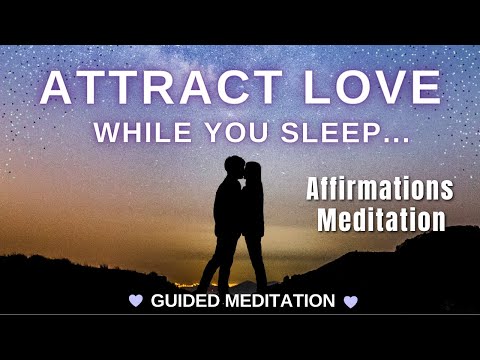 Affirmations Meditation to Attract Love INSTANTLY | Manifest SP While You Sleep [VERY POWERFUL!!]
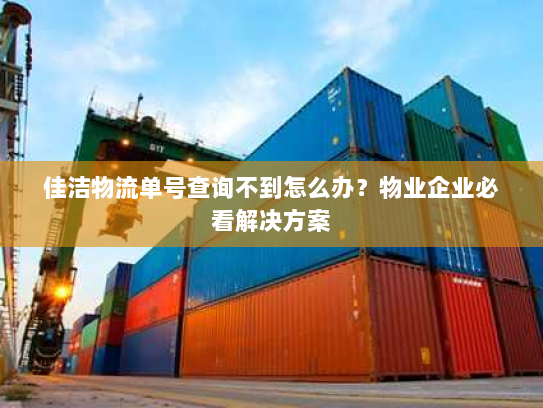 佳洁物流单号查询不到怎么办?物业企业必看解决方案 佳洁物流单号查询不到怎么办?物业企业必看解决方案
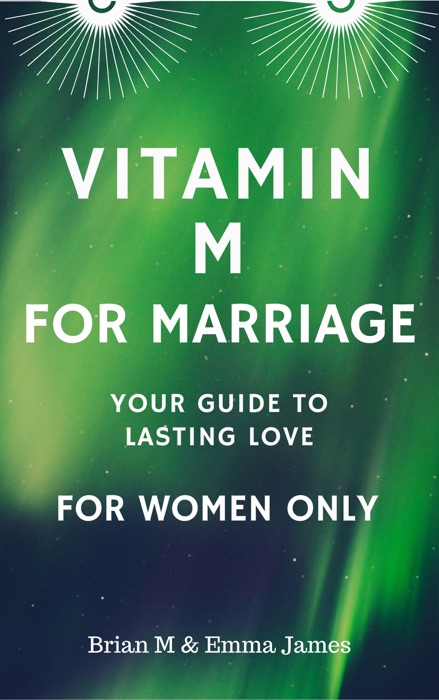 Vitamin M for Marriage: Your Guide to Lasting Love - For Women Only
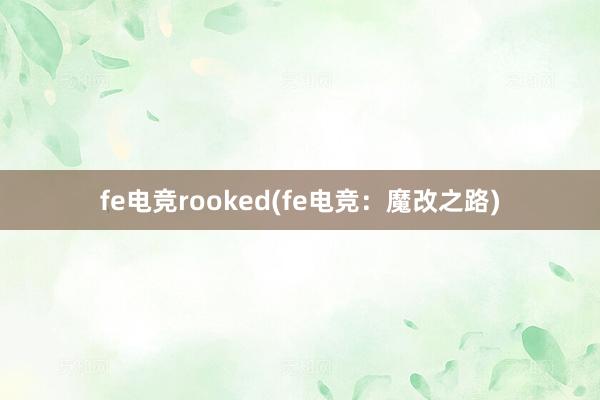 fe电竞rooked(fe电竞：魔改之路)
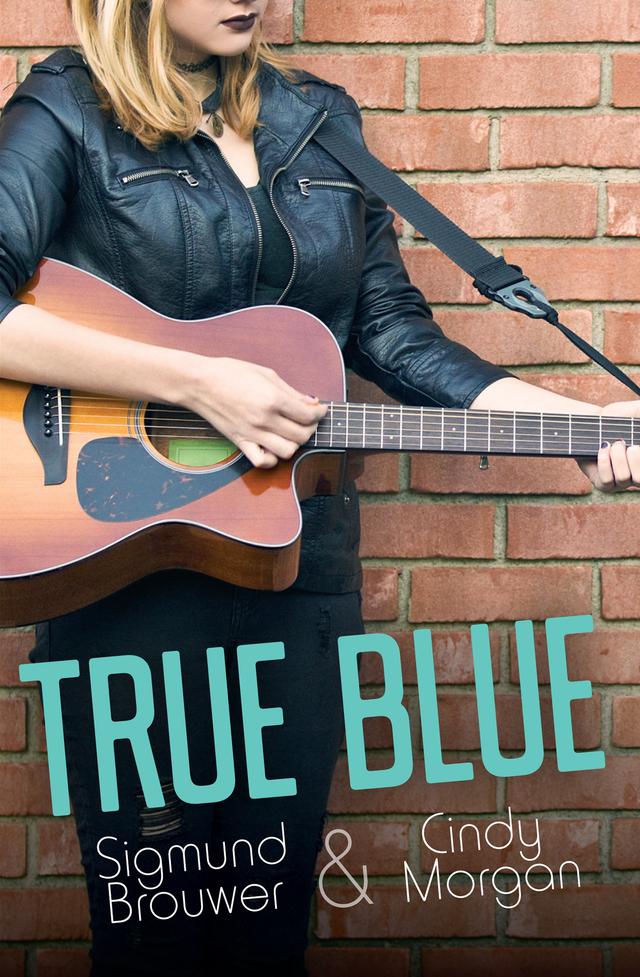 True Blue by Cindy Morgan, Sigmund Brouwer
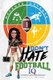 Don't Hate My Football IQ - The Gridiron Game Simply Explained (Paperback): Chantal S Grayson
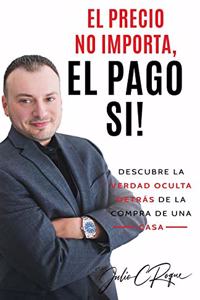 El Precio No Importa, El Pago Si!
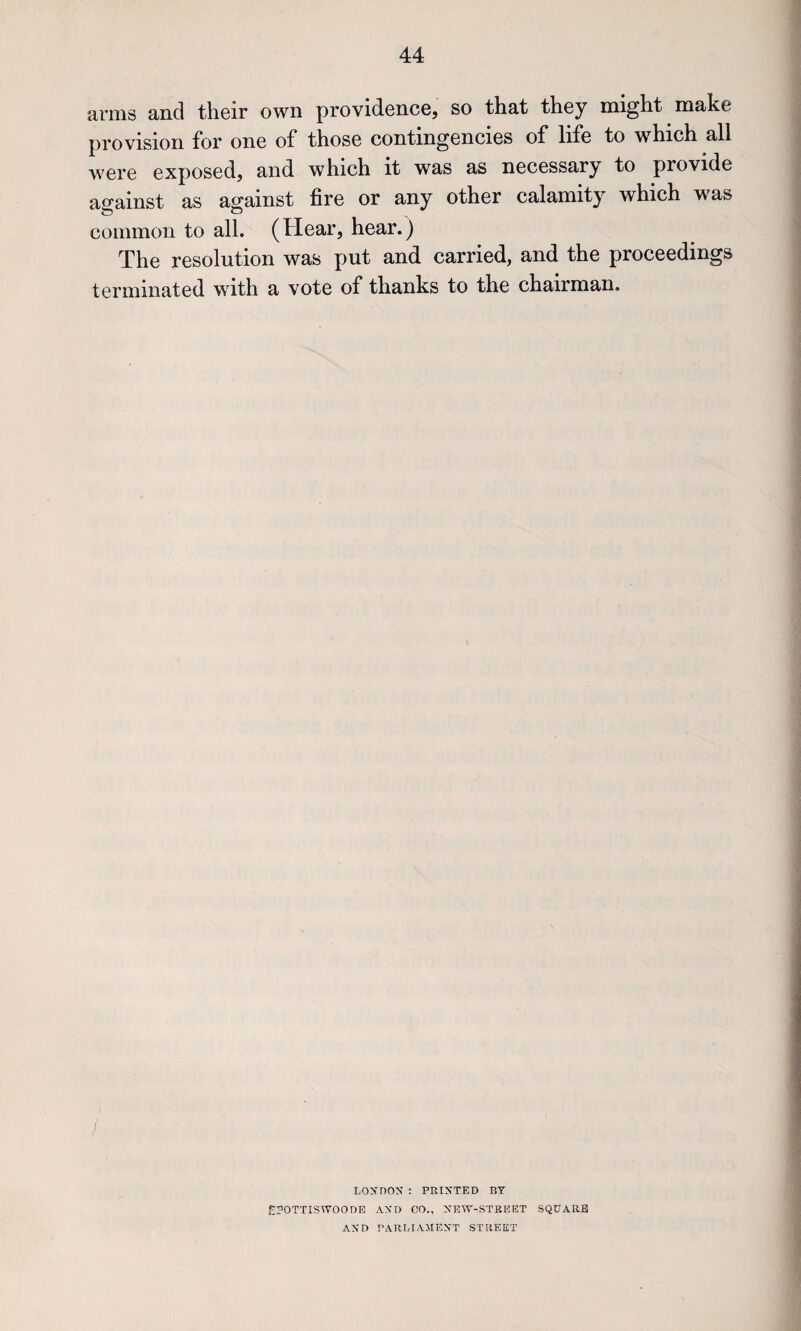 amis and their own providence, so that they might make provision for one of* those contingencies of* life to which all were exposed, and which it was as necessary to provide asrainst as against fire or any other calamity which was common to all. (Hear, hear.) The resolution was put and carried, and the proceedings terminated with a vote of thanks to the chairman. LOXnOS : PRINTED BY £?OTTISWOODE AND CO., NBW-STREET SQUARE AND PARIilAMENT STREET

**About this exercise:** Within the listing above, extract exactly the lines that run from the one containing "佳洁物流单号查询不到怎么办?物业企业必看解决方案 佳洁物" through the one containing "True Blue by Cindy Morgan, Sigmund Brouwer", excluding any pictures.

**Reply to the exercise:**
 佳洁物流单号查询不到怎么办?物业企业必看解决方案 佳洁物流单号查询不到怎么办?物业企业必看解决方案
 Vitamin M for Marriage: Your Guide to Lasting Love - For Women Only
 fe电竞rooked(fe电竞：魔改之路)
 True Blue by Cindy Morgan, Sigmund Brouwer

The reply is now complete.